◆ Work instruction ◆
The entire listing below should be output exactly as it stands.

◆ Given data ◆

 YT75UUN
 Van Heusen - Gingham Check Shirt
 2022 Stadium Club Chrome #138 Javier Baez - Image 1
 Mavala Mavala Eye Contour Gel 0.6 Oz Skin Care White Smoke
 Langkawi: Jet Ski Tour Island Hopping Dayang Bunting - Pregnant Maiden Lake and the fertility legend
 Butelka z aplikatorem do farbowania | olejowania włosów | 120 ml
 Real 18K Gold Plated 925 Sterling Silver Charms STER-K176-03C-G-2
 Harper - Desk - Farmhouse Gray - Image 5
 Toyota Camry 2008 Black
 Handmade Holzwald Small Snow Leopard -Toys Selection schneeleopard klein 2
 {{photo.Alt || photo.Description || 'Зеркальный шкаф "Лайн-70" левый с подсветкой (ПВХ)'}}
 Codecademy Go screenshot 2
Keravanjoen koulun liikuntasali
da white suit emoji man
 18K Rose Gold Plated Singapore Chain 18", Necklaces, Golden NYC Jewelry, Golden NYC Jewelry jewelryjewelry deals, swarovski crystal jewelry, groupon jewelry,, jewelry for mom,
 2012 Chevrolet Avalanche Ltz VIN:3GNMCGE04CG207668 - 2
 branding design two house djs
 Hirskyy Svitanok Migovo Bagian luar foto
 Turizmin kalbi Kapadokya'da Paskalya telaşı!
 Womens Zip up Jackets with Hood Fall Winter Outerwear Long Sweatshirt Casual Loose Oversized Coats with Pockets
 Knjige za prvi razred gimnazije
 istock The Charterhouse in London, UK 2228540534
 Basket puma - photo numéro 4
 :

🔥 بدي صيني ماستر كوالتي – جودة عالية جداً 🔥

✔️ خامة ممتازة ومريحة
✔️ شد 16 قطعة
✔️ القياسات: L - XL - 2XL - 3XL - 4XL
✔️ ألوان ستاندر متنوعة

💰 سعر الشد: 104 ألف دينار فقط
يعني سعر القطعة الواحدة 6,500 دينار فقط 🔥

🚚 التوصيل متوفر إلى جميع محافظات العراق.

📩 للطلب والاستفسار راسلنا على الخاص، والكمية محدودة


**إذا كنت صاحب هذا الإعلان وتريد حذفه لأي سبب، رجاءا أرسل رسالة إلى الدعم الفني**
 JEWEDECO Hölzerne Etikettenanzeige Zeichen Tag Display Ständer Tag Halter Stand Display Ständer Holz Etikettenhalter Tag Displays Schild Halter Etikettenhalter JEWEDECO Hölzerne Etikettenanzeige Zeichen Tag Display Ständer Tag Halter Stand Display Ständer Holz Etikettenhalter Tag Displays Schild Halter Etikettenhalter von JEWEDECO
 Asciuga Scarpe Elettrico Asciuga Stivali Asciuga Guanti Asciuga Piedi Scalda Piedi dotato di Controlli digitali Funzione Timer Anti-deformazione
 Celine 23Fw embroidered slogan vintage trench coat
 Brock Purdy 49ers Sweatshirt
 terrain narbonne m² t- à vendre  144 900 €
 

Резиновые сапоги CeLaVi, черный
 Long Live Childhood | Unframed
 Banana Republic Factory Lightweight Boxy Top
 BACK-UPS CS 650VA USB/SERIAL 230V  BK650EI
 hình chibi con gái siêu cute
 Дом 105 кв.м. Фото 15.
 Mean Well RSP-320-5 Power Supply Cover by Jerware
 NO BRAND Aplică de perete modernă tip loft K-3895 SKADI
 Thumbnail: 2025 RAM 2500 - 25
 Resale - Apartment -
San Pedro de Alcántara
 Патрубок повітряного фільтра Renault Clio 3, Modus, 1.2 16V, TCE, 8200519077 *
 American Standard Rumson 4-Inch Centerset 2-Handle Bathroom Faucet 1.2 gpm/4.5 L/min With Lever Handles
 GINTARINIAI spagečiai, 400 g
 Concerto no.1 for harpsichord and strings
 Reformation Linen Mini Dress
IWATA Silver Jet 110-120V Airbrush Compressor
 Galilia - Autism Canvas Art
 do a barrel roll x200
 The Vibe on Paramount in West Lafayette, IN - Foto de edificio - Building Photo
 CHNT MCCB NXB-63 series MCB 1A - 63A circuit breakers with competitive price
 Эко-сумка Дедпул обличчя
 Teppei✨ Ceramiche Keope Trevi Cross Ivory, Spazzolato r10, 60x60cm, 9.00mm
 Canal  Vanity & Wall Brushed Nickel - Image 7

◆ Your response ◆
 YT75UUN
 Van Heusen - Gingham Check Shirt
 2022 Stadium Club Chrome #138 Javier Baez - Image 1
 Mavala Mavala Eye Contour Gel 0.6 Oz Skin Care White Smoke
 Langkawi: Jet Ski Tour Island Hopping Dayang Bunting - Pregnant Maiden Lake and the fertility legend
 Butelka z aplikatorem do farbowania | olejowania włosów | 120 ml
 Real 18K Gold Plated 925 Sterling Silver Charms STER-K176-03C-G-2
 Harper - Desk - Farmhouse Gray - Image 5
 Toyota Camry 2008 Black
 Handmade Holzwald Small Snow Leopard -Toys Selection schneeleopard klein 2
 {{photo.Alt || photo.Description || 'Зеркальный шкаф "Лайн-70" левый с подсветкой (ПВХ)'}}
 Codecademy Go screenshot 2
Keravanjoen koulun liikuntasali
da white suit emoji man
 18K Rose Gold Plated Singapore Chain 18", Necklaces, Golden NYC Jewelry, Golden NYC Jewelry jewelryjewelry deals, swarovski crystal jewelry, groupon jewelry,, jewelry for mom,
 2012 Chevrolet Avalanche Ltz VIN:3GNMCGE04CG207668 - 2
 branding design two house djs
 Hirskyy Svitanok Migovo Bagian luar foto
 Turizmin kalbi Kapadokya'da Paskalya telaşı!
 Womens Zip up Jackets with Hood Fall Winter Outerwear Long Sweatshirt Casual Loose Oversized Coats with Pockets
 Knjige za prvi razred gimnazije
 istock The Charterhouse in London, UK 2228540534
 Basket puma - photo numéro 4
 :

🔥 بدي صيني ماستر كوالتي – جودة عالية جداً 🔥

✔️ خامة ممتازة ومريحة
✔️ شد 16 قطعة
✔️ القياسات: L - XL - 2XL - 3XL - 4XL
✔️ ألوان ستاندر متنوعة

💰 سعر الشد: 104 ألف دينار فقط
يعني سعر القطعة الواحدة 6,500 دينار فقط 🔥

🚚 التوصيل متوفر إلى جميع محافظات العراق.

📩 للطلب والاستفسار راسلنا على الخاص، والكمية محدودة


**إذا كنت صاحب هذا الإعلان وتريد حذفه لأي سبب، رجاءا أرسل رسالة إلى الدعم الفني**
 JEWEDECO Hölzerne Etikettenanzeige Zeichen Tag Display Ständer Tag Halter Stand Display Ständer Holz Etikettenhalter Tag Displays Schild Halter Etikettenhalter JEWEDECO Hölzerne Etikettenanzeige Zeichen Tag Display Ständer Tag Halter Stand Display Ständer Holz Etikettenhalter Tag Displays Schild Halter Etikettenhalter von JEWEDECO
 Asciuga Scarpe Elettrico Asciuga Stivali Asciuga Guanti Asciuga Piedi Scalda Piedi dotato di Controlli digitali Funzione Timer Anti-deformazione
 Celine 23Fw embroidered slogan vintage trench coat
 Brock Purdy 49ers Sweatshirt
 terrain narbonne m² t- à vendre  144 900 €
 

Резиновые сапоги CeLaVi, черный
 Long Live Childhood | Unframed
 Banana Republic Factory Lightweight Boxy Top
 BACK-UPS CS 650VA USB/SERIAL 230V  BK650EI
 hình chibi con gái siêu cute
 Дом 105 кв.м. Фото 15.
 Mean Well RSP-320-5 Power Supply Cover by Jerware
 NO BRAND Aplică de perete modernă tip loft K-3895 SKADI
 Thumbnail: 2025 RAM 2500 - 25
 Resale - Apartment -
San Pedro de Alcántara
 Патрубок повітряного фільтра Renault Clio 3, Modus, 1.2 16V, TCE, 8200519077 *
 American Standard Rumson 4-Inch Centerset 2-Handle Bathroom Faucet 1.2 gpm/4.5 L/min With Lever Handles
 GINTARINIAI spagečiai, 400 g
 Concerto no.1 for harpsichord and strings
 Reformation Linen Mini Dress
IWATA Silver Jet 110-120V Airbrush Compressor
 Galilia - Autism Canvas Art
 do a barrel roll x200
 The Vibe on Paramount in West Lafayette, IN - Foto de edificio - Building Photo
 CHNT MCCB NXB-63 series MCB 1A - 63A circuit breakers with competitive price
 Эко-сумка Дедпул обличчя
 Teppei✨ Ceramiche Keope Trevi Cross Ivory, Spazzolato r10, 60x60cm, 9.00mm
 Canal  Vanity & Wall Brushed Nickel - Image 7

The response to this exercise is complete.